I really enjoy writing the code that makes systems like Audiogalaxy and FolderShare run. Getting into the zone and really getting some good work done is a great experience, but remains my second favorite aspect of the job. For me, the best part is the design phase before the real coding starts. At that point, everything is totally fluid and malleable. I’m making the decisions that I’m going to live with for the next few years, and putting some extra cleverness or flexibility into the system can have huge payoffs.
Something I’ve found very helpful at this phase is a “programming toolbox” — a simple list of good ideas and approaches to different problems. When I’m stuck on a problem, or trying to generate a new approach to something, it can be helpful to flip through the list. Most of the ideas won’t apply, but sometimes it will spark something novel. To keep this list from getting too unwieldy, I’ll post a few at a time as I write them up.
Let’s start with one of my favorite data structures. Wikipedia has all the details, but here are the key points you need to know. Bloom filters are a “space-efficient probabilistic data structure” that:
- Will answer either “maybe” or “no” to the question, “Have you seen item X?”
- Don’t store the actual item
- Are incredibly space efficient — it takes about 10 bits per stored item to have a 1% error rate
- Are tunable — the error rate drops 10x for every extra 5 bits you use
Just as an example, let’s imagine you want to want to cache copies of web pages on your disk. Before taking the hit to access the disk to check if something is cached, you could use a Bloom Filter to keep track of what you have. Storing 100K URLs in a bloom filter would use just 125KB of memory. By contrast, if you stored UTF-8 versions of them in a hash table, assuming URLs are about 50 characters long, you would need about 4.7MB of memory, not even counting hash table overhead. What is the downside? About 1% of the time, you will get an incorrect “Maybe” from the Bloom Filter and would go to disk looking for something that does not exist. If 1% is too much, you can double the memory usage to 250KB and the error rate drops to 0.01%. Note that if the filter tells you “No”, there is a 0% chance that the URL is in the system.
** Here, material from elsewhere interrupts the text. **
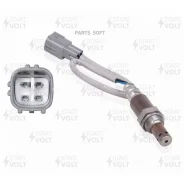 ������ ����. ��� �/� Toyota Camry V50 (11-) 2.5i/V40 (06-) 2.4i ����� ���. (VS-OS 1904) Startvolt VSOS1904 VSOS1904 ����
Are you defining any sort of message passing layer in your system? One thing you might want to consider is allowing unspecified header/value pairs to be added to the messages at any point later. Anything reading a message should simply ignore any headers it doesn’t recognize. This flexibility is baked into HTTP and has allowed all sorts of wonderful extensions beyond the basic HTTP spec. Adding this flexibility to your message layer from the beginning is trivial and it might let you solve a difficult problem later without completely upgrading all of your services.
Officially “Progress-based regulation of low-importance processes”, but known as MS Manners in this paper out of MS Research. The basic idea is that a background process can easily detect its impact on the user (or a more important process) if a few conditions are met. For processes with some degree of contention, the background process can establish a baseline of how long work should take. If it detects that recent work is taking longer, it can infer that it is impacting the more important process and wait until later to proceed. It sounds pretty simple, but the researchers have done the hard work in the paper and shown how to squeeze out the most gains. I think this is a powerful idea worth incorporating into any sort of maintenance job that runs against a production database.